I am looking for a way to remove words from a list that contain 3 or more of the same character.

For example lets say the full list is as follows

ABCDEF
ABBHJK
AAAHJD
KKPPPP
NAUJKS

AAAHJD & KKPPPP should be removed from this list as obviously they contain AAA and PPPP respectively.

My first attempt at this was to use

grep -v '\([[:alpha:]]\)\1' filename

but this will only remove Words with 2+ characters the same in a row.

grep -v '\([[:alpha:]][[:alpha:]]\)\1' filename will remove 4+

My knowledge of Awk/Sed is quite weak. Can anyone lend some advise as to where I should look from here?

Regards,
Colin

Don_Cragun · August 9, 2012, 11:00am

You almost had it the first time. Try:

grep -v '\([[:alpha:]]\)\1\1' filename

elixir_sinari · August 9, 2012, 11:00am

If you need to remove lines with 3 or more occurrences of a character NOT in succession, try

awk '{p=1;for(i=1;i<=length;i++) if(gsub(substr($0,i,1),"&")>=3) {p=0;break}}p' file

This will also remove lines with 3 or more occurrences of a character in succession.

Don_Cragun · August 9, 2012, 11:13am

Ambiguous request. The reply I posted assumed you want to delete lines with three adjacent occurrences of a character. The reply elixir_sinari posted assumed you want to delete any line with three occurrences of a character whether or not they are adjacent. The input you gave will give the same results for either interpretation. What was it that you wanted?

alister · August 9, 2012, 11:27am

elixir_sinari:

If you need to remove lines with 3 or more occurrences of a character NOT in succession, try
awk '{p=1;for(i=1;i<=length;i++) if(gsub(substr($0,i,1),"&")>=3) {p=0;break}}p' file
This will also remove lines with 3 or more occurrences of a character in succession.

That approach isn't very robust. The first argument to gsub is an extended regular expression. If the line contains a . , it will match every character. If there's a ? , + , * , or some other metacharacter, there may be a runtime regular expression compilation failure.

What you're attempting can be done easily with grep and a single regular expression:

grep -v '\(.\).*\1.*\1' file

Regards,
Alister

elixir_sinari · August 9, 2012, 10:49pm

alister:

That approach isn't very robust. The first argument to gsub is an extended regular expression. If the line contains a . , it will match every character.

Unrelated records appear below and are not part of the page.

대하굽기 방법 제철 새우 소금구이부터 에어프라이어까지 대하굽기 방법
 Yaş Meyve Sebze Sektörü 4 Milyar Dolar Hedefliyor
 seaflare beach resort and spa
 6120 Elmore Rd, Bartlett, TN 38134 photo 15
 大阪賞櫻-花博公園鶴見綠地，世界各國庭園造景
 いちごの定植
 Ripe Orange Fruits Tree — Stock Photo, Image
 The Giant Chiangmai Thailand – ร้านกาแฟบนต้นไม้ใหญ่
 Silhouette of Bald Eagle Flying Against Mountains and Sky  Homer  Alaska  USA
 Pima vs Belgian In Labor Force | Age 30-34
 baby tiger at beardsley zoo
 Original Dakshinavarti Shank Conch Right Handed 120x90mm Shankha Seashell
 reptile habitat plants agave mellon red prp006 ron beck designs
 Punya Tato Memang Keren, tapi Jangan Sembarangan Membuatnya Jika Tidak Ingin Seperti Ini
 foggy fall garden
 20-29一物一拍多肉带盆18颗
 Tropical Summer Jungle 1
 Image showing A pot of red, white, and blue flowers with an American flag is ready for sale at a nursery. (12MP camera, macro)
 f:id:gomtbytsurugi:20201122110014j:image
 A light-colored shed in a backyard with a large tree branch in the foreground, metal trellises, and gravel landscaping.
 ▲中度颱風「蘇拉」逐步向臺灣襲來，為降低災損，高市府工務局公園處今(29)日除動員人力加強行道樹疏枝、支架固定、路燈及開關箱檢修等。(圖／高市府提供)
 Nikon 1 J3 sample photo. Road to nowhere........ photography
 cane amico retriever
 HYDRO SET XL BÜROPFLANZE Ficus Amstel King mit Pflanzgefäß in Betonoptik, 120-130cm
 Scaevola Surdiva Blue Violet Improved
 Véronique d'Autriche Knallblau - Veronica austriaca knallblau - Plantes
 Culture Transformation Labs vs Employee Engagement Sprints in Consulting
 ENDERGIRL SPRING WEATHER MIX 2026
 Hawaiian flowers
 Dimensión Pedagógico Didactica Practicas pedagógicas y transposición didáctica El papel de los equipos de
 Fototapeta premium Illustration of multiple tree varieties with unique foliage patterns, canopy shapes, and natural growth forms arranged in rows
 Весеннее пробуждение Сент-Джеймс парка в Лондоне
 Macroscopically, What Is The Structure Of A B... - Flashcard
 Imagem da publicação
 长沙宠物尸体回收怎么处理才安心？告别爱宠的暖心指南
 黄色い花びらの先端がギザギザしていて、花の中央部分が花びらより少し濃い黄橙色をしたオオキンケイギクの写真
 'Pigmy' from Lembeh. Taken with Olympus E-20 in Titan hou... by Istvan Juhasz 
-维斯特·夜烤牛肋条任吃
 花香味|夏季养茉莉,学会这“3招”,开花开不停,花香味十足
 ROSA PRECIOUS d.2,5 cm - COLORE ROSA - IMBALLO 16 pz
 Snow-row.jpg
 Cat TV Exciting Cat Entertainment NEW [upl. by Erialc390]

If there's a ? , + , * , or some other metacharacter, there may be a runtime regular expression compilation failure.

What you're attempting can be done easily with grep and a single regular expression:
grep -v '$.$.*\1.*\1' file
Regards,
Alister

I did foresee that possibility while writing the solution. But, I assumed that only alphabets will be in the file.

alister · August 9, 2012, 10:53pm

Looking at the first post, that seems a reasonable assumption given the sample data and the use of the [:alpha:] class.

I'll leave my post as is just in case it's of any use (as I'm sure you know, sometimes the sample data isn't representative).

Regards,
Alister

elixir_sinari · August 9, 2012, 10:57pm

I agree with you, alister. That grep with backrefs is much better suited.